The title company who was working with the original lender is completing the deal. The buyers are putting down about 15%. The attorney they found will draw up the note and mortgage for $300. What clauses do I need to include in these two instruments to make sure I'm protected?

Some items from the original lenders settlement document seem un-needed, and I hate to pay for what isn't needed even if it isn't my money. 1 item I'm definitely going to say no-no to is paid up taxes that are paid by me, credited to the buyers, but not paid to the county. I've talked with the buyers and said I want to escrow the taxes, but not charge a fee for that service just to make sure the bills are paid.

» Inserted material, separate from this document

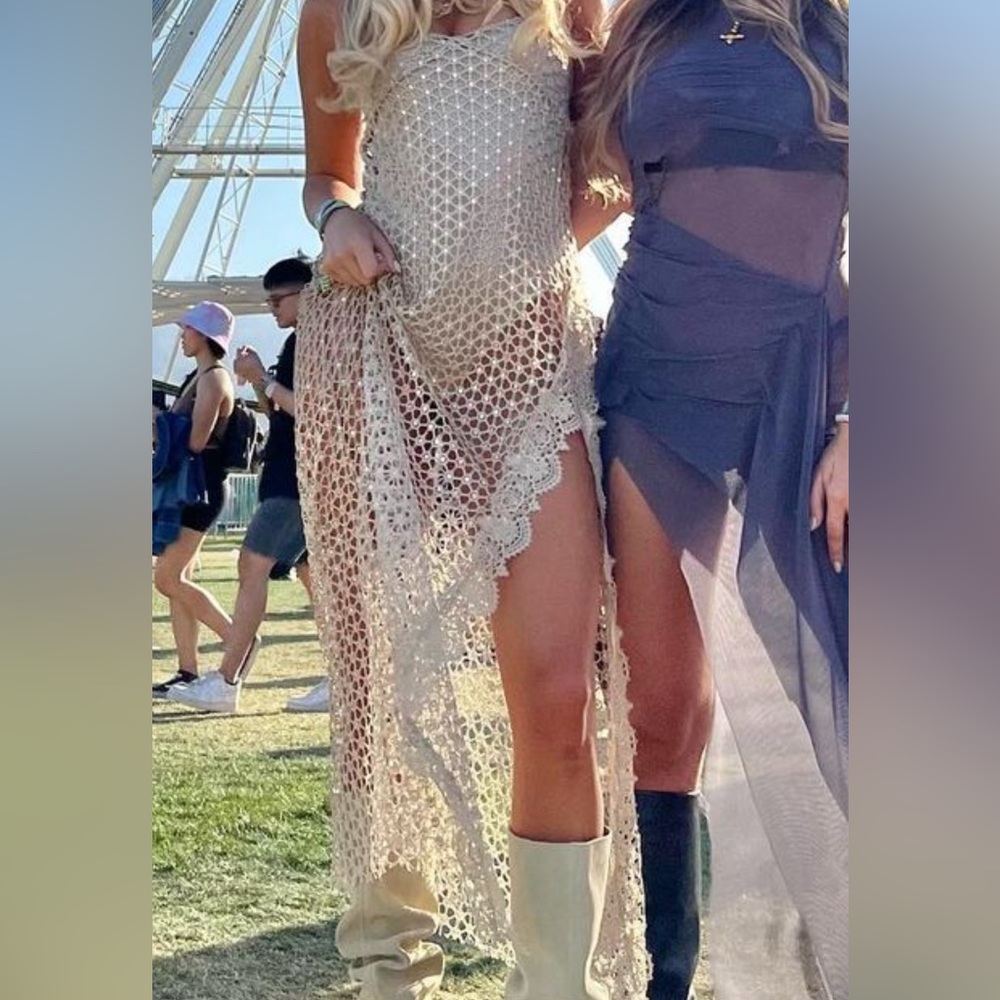 Gold free people dress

For all intents and purposes I've fired the listing agent and am bringing the deal home myself, even though I have to still pay him. :mad: Hence my checking to see what to watch out for in the note and mortgage.
 
I think it's smart of you to make sure any obligations that could result in a lien are processed thru you. In my limited experience many owner-financed arrangements result in the buyers moving on after a year or two and the seller pocketing the profits.
 
It will vary by State but I would want a real estate attorney representing me drafting the docs. Aside from that, similar to the taxes, you also need to make arrangements for the property insurance payment. You should be listed as the mortgagee/payee on the policy and receive notices of payment and cancellation.

FN
 
Isn't the real risk in these seller-financed deals to the buyer? Unless I was desperate and couldn't obtain traditional credit (a situation I've never experienced so I don't really understand it), I'd avoid a situation where I'm making payments to a private party (including tax escrow) hoping that at the end that party actually delivers a clean title to me.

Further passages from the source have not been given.